■ RECORDS SUPPLIED:
****
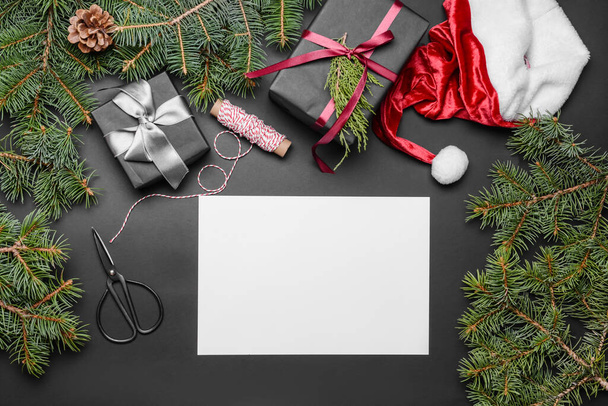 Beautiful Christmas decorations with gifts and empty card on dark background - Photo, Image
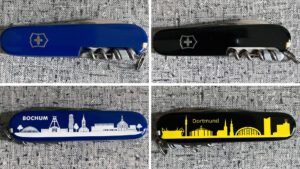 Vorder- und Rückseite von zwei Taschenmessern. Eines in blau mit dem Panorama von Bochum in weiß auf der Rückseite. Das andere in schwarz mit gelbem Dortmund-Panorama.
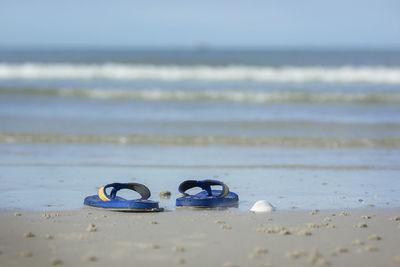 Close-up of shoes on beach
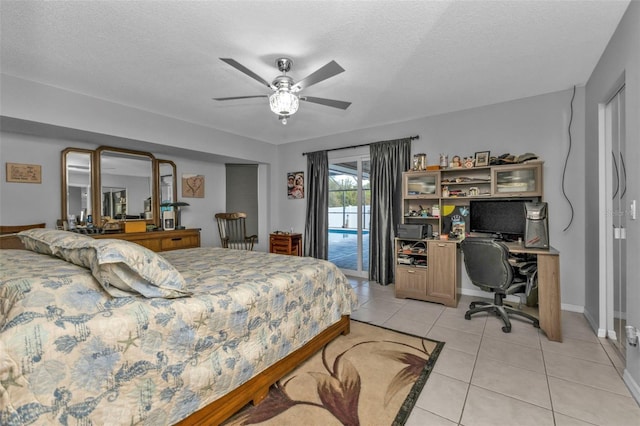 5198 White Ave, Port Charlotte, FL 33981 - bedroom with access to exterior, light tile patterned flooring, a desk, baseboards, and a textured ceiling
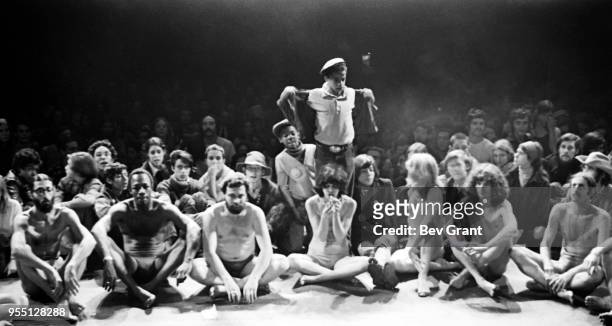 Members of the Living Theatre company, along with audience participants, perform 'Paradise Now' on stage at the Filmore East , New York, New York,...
****
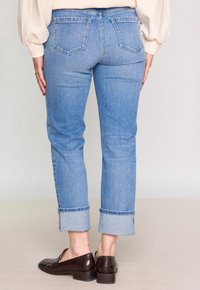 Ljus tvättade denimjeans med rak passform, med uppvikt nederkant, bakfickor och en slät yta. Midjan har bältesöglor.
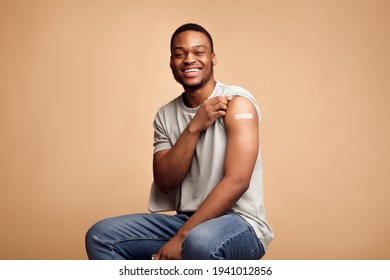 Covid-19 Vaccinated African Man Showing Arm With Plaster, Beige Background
****
■ TASK DETAILS:
All lines above from the one containing "Close-up of shoes on beach" up to and including the one containing "Members of the" are to be set down exactly, and nothing else. Leave images out.

■ ANSWER BOX:
 Close-up of shoes on beach
 5198 White Ave, Port Charlotte, FL 33981 - bedroom with access to exterior, light tile patterned flooring, a desk, baseboards, and a textured ceiling
 Members of the Living Theatre company, along with audience participants, perform 'Paradise Now' on stage at the Filmore East , New York, New York,...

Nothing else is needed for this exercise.